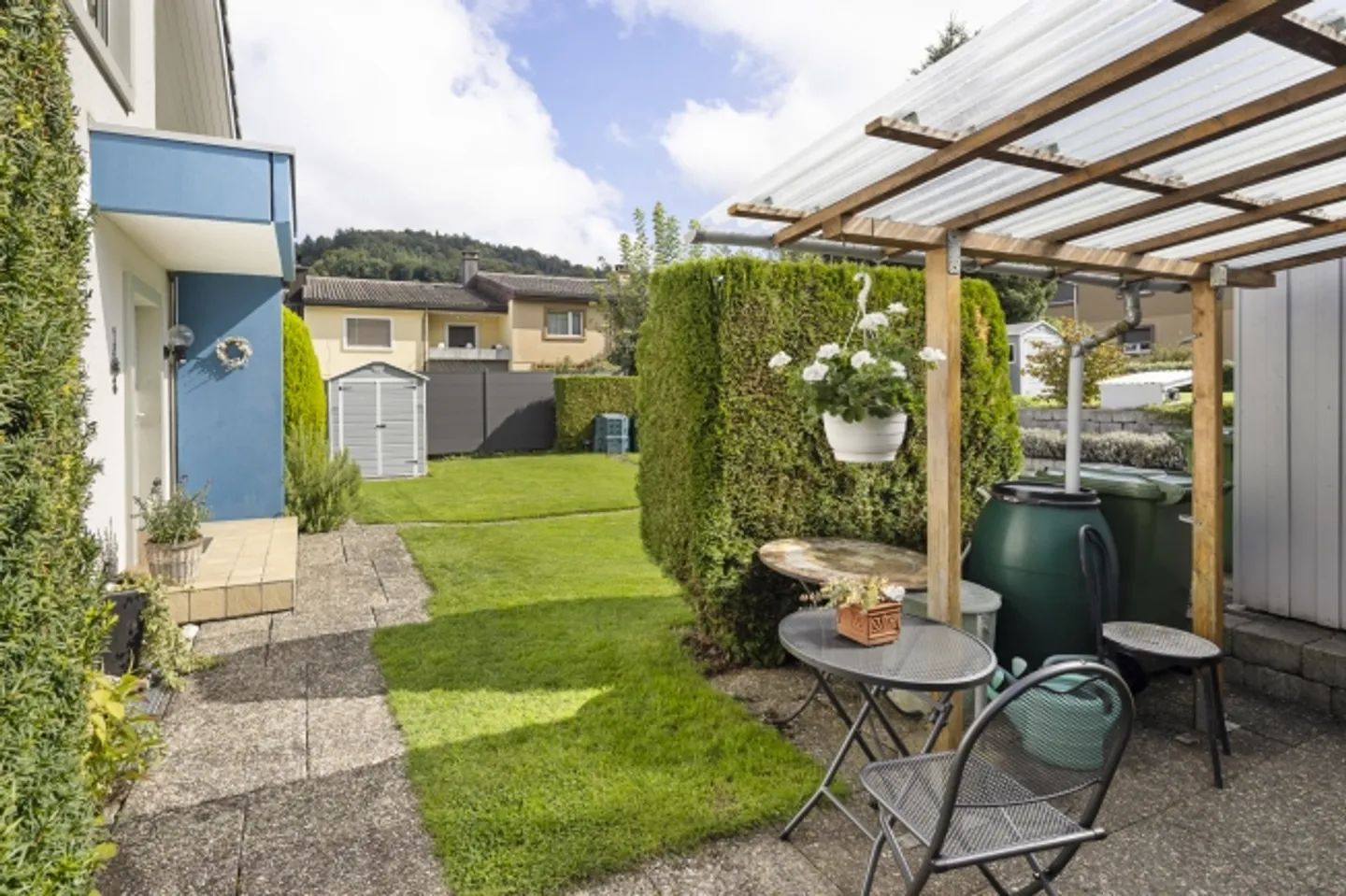 Oasi abitativa con giardino d'inverno e proprietà ben curata in una posizione tranquilla - Foto 3 di 16
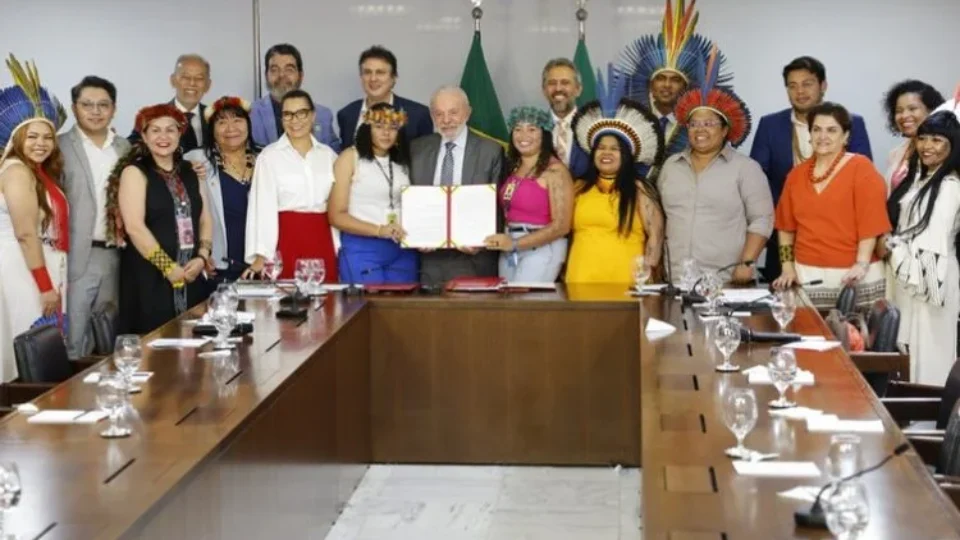 Lula homologa três novas terras indígenas no Ceará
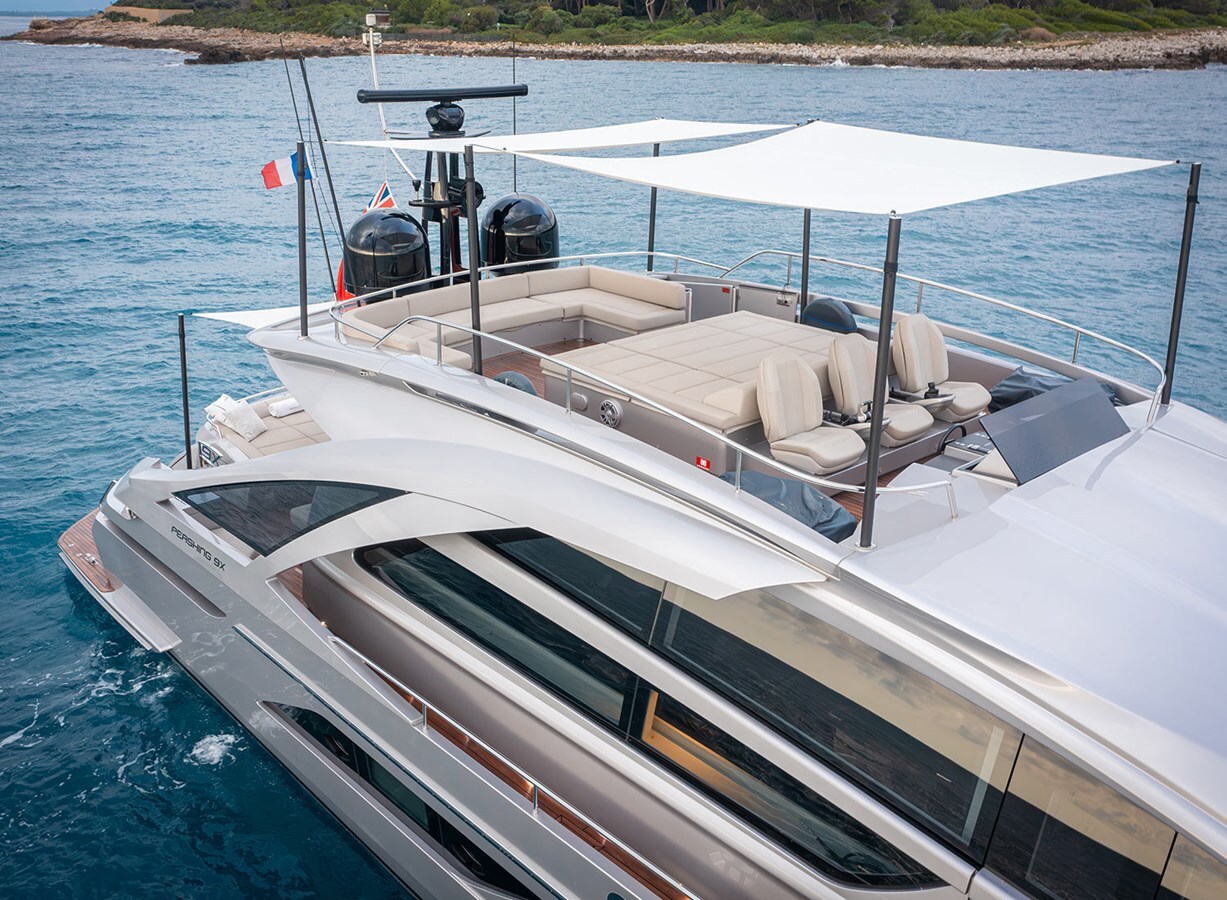 2021-pershing-92-2-d5ad48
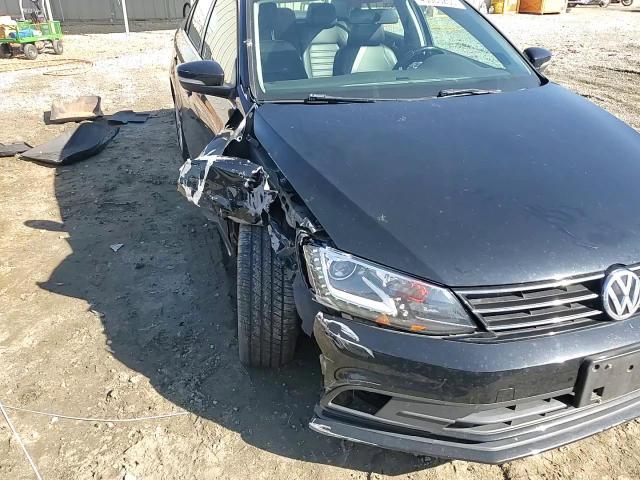2015 Volkswagen Jetta - Image 11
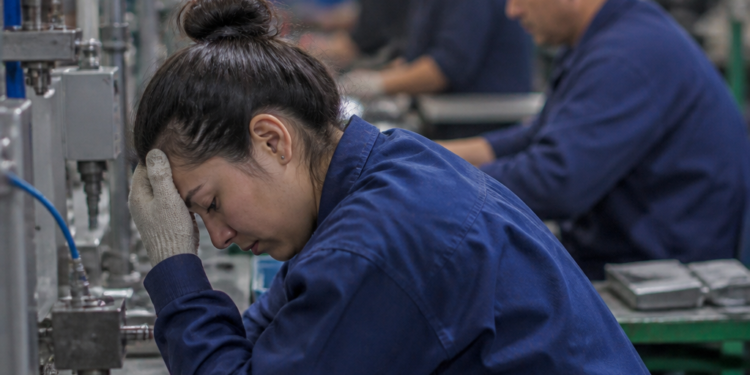 El empleo privado continúa en declive: provincias y sectores más afectados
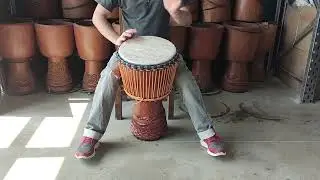 Djembe de Guin&eacute;e haut de gamme avec peau de veau fine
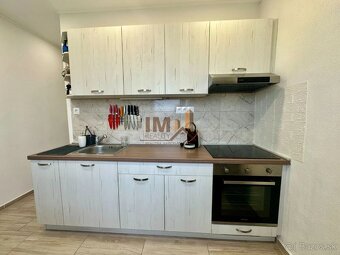 NA PREDAJ VEĽKÝ KOMPLETNE ZREKONŠTRUOVANÝ 2i BYT S LOGGIOU - 8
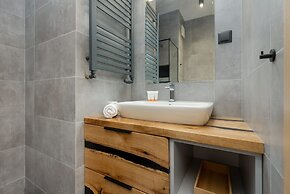 Modern Apartment Wola by Renters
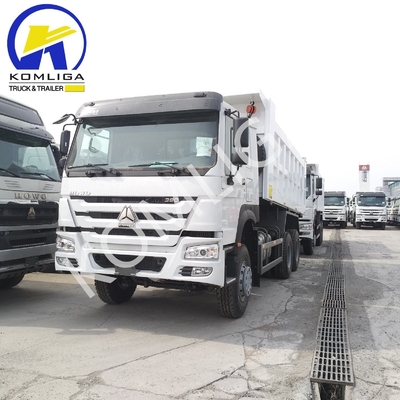 6X4 20-30 トン 重荷 3 軸 10 輪 Sinotruk HOWO 低走行距離のダンプトラック
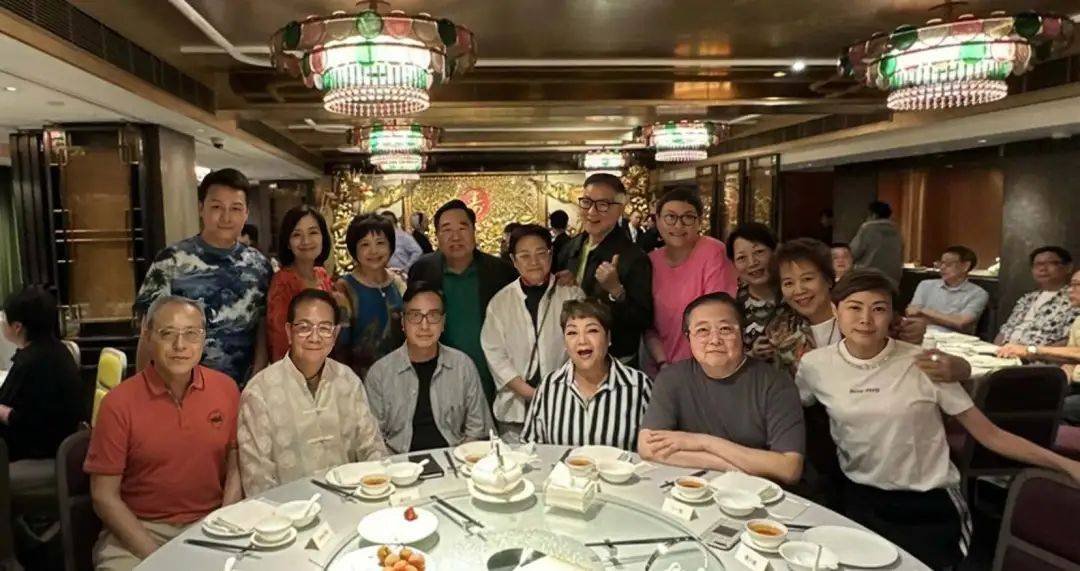 TVB知名男星罕见露面双鬓斑白至今未婚曾苦恋刘晓庆却无疾而终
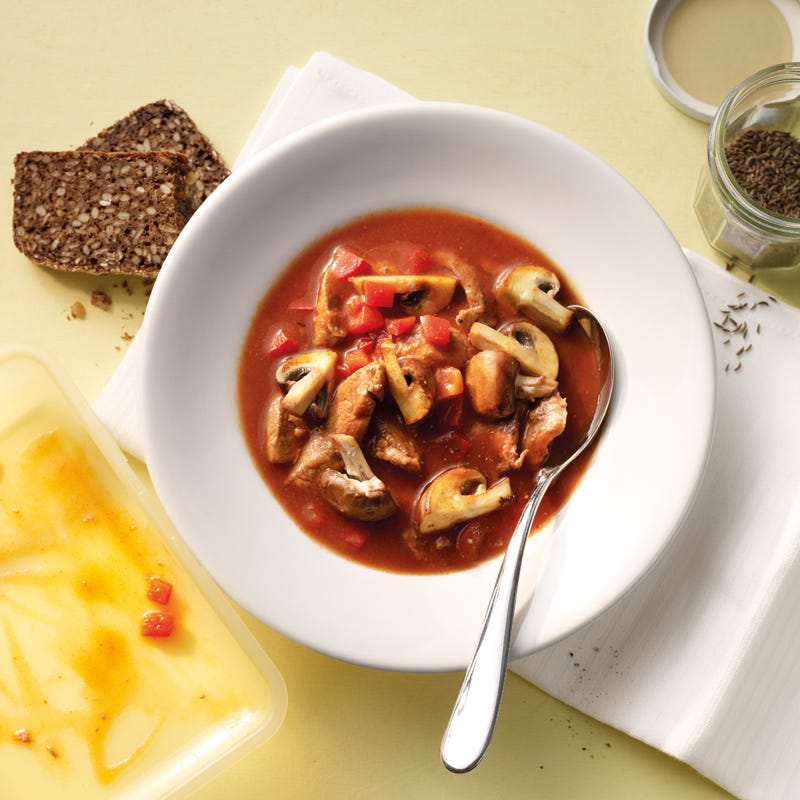 Gulaschsuppe mit Pilzen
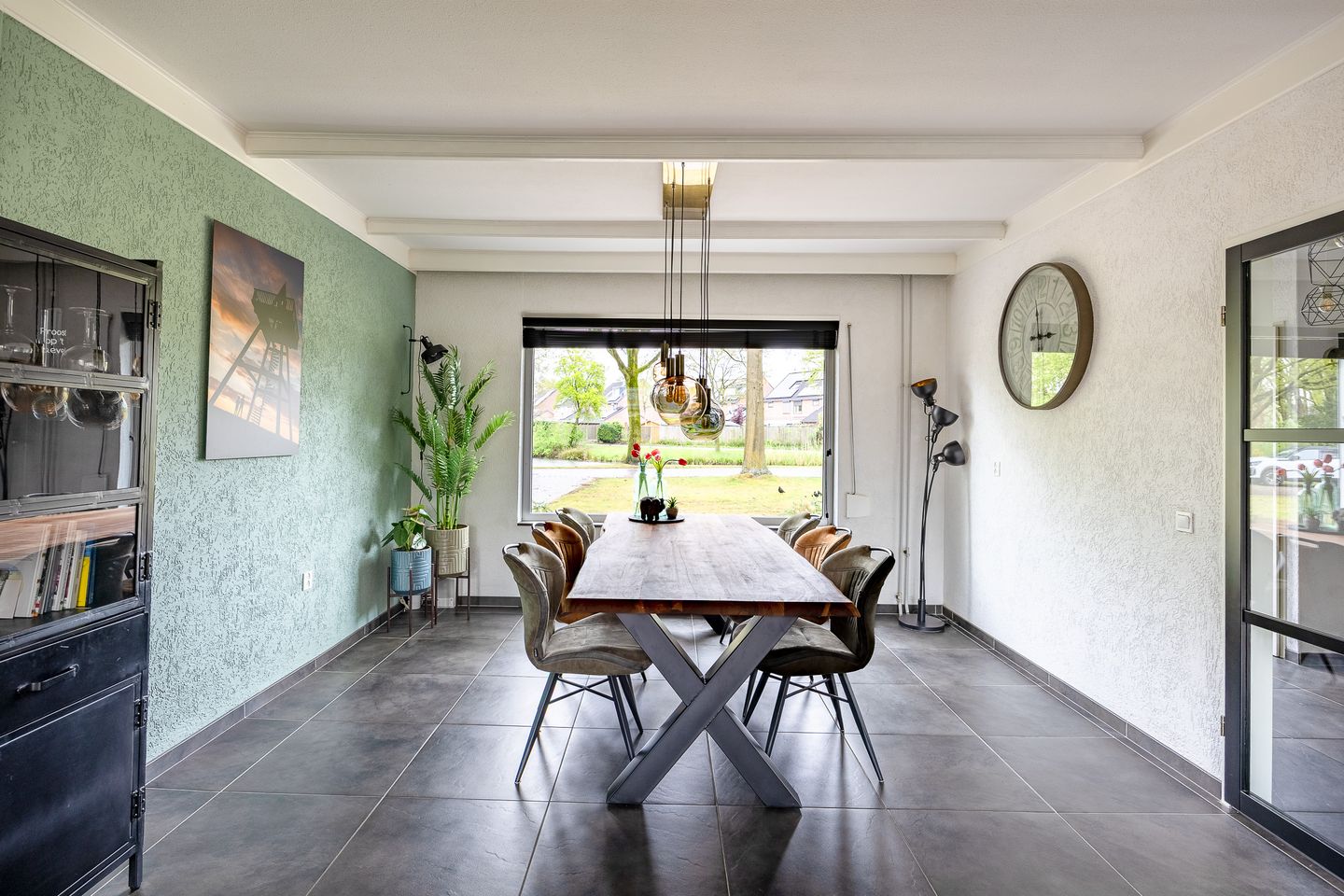 Photo 10 of Meeuwstraat 14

--- Work required ---
Copy all the lines of data exactly as they appear, dropping any images.

--- Solution to this problem ---
 Oasi abitativa con giardino d'inverno e proprietà ben curata in una posizione tranquilla - Foto 3 di 16
 Lula homologa três novas terras indígenas no Ceará
 2021-pershing-92-2-d5ad48
2015 Volkswagen Jetta - Image 11
 El empleo privado continúa en declive: provincias y sectores más afectados
 Djembe de Guin&eacute;e haut de gamme avec peau de veau fine
 NA PREDAJ VEĽKÝ KOMPLETNE ZREKONŠTRUOVANÝ 2i BYT S LOGGIOU - 8
 Modern Apartment Wola by Renters
 6X4 20-30 トン 重荷 3 軸 10 輪 Sinotruk HOWO 低走行距離のダンプトラック
 TVB知名男星罕见露面双鬓斑白至今未婚曾苦恋刘晓庆却无疾而终
 Gulaschsuppe mit Pilzen
 Photo 10 of Meeuwstraat 14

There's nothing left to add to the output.